Data under study |
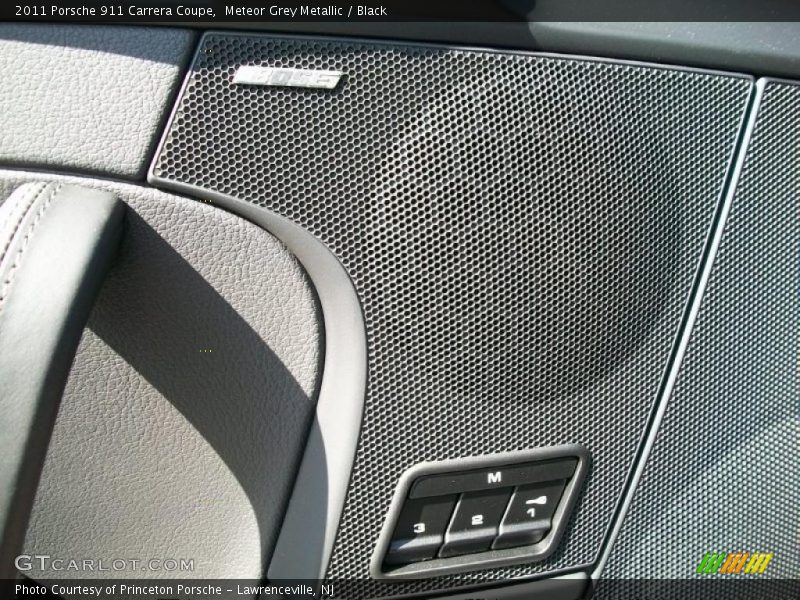 Meteor Grey Metallic / Black 2011 Porsche 911 Carrera Coupe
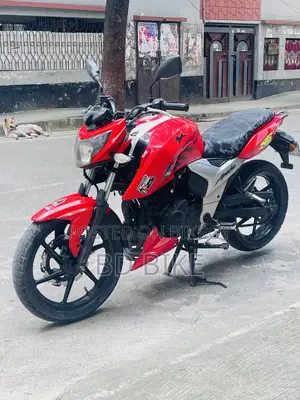 টিভিএস অ্যাপাচি আরটিআর ১৬০ ৪ভি ২০১৯ লাল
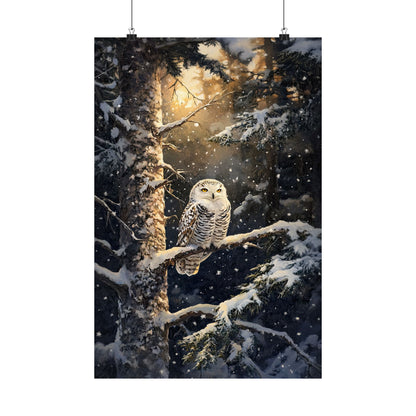 Silent Gaze Snow Owl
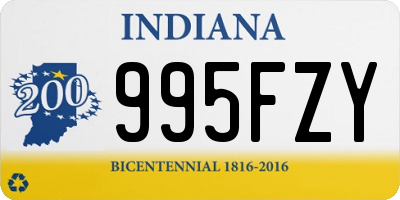 IN license plate 995FZY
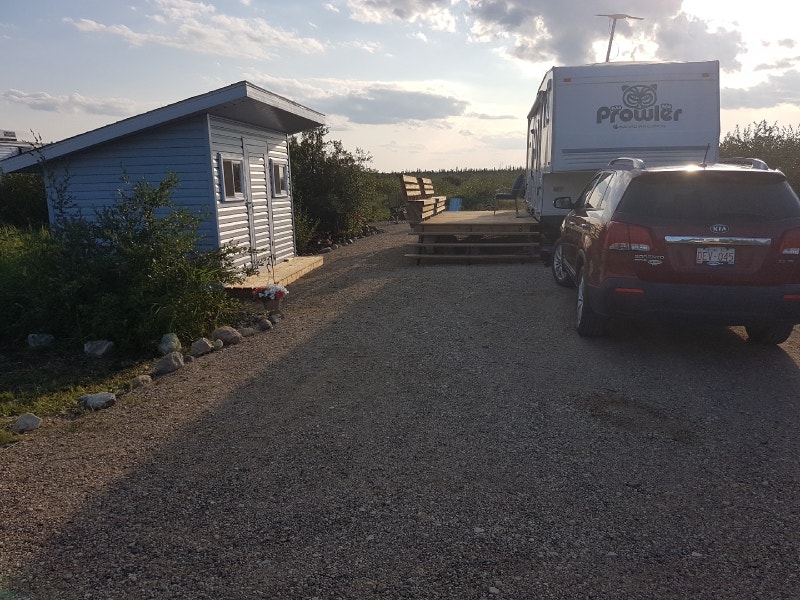 Turnkey fifth wheel on leased lot at Candle Lake Travel Trailers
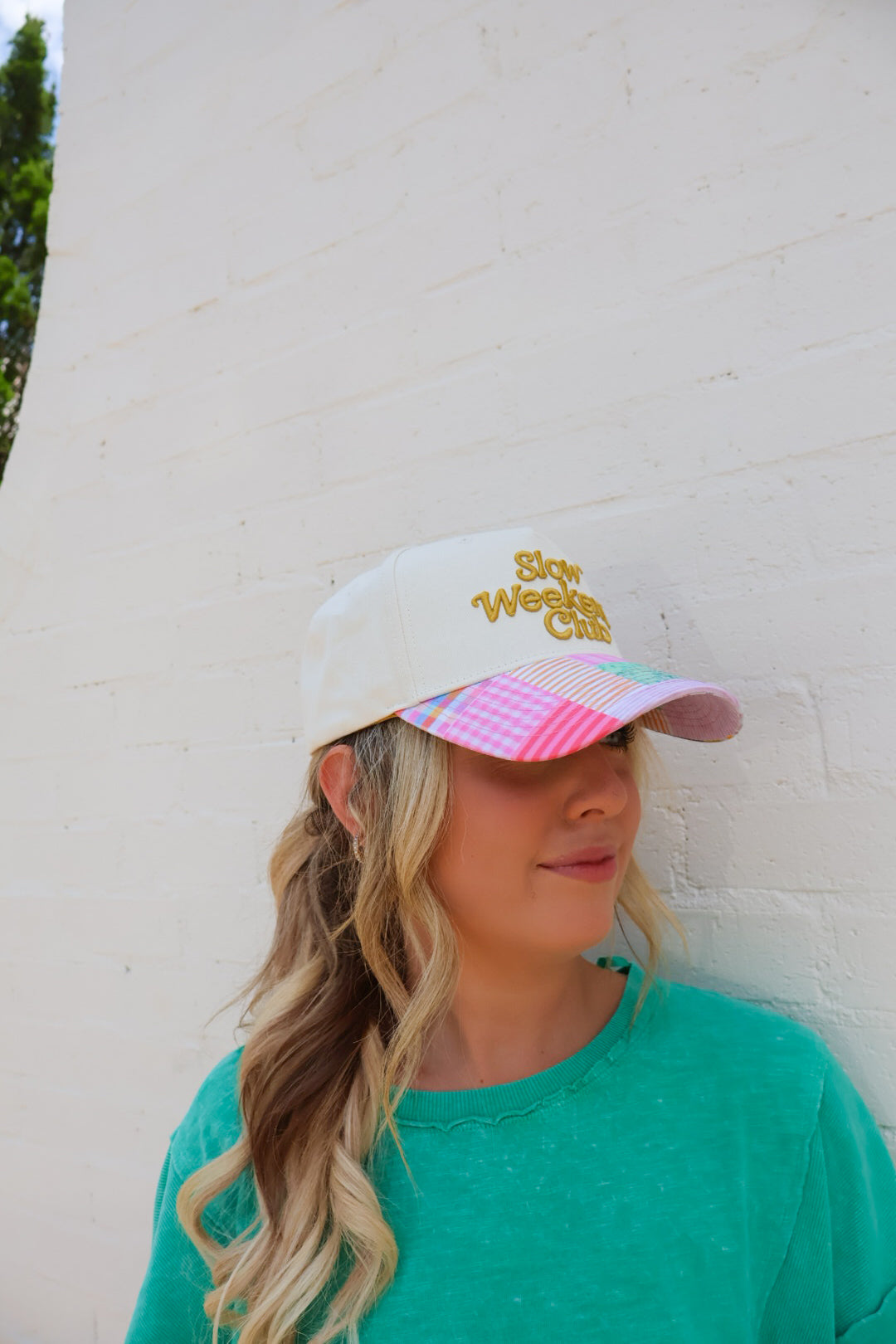 Slow Weekend Club Patchwork Trucker Hat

What the task requires | Quote exactly, and only, the lines from the line containing "Silent Gaze Snow Owl" through the final line of the records above, both included, omitting any pictures.

Written reply |
 Silent Gaze Snow Owl
 IN license plate 995FZY
 Turnkey fifth wheel on leased lot at Candle Lake Travel Trailers
 Slow Weekend Club Patchwork Trucker Hat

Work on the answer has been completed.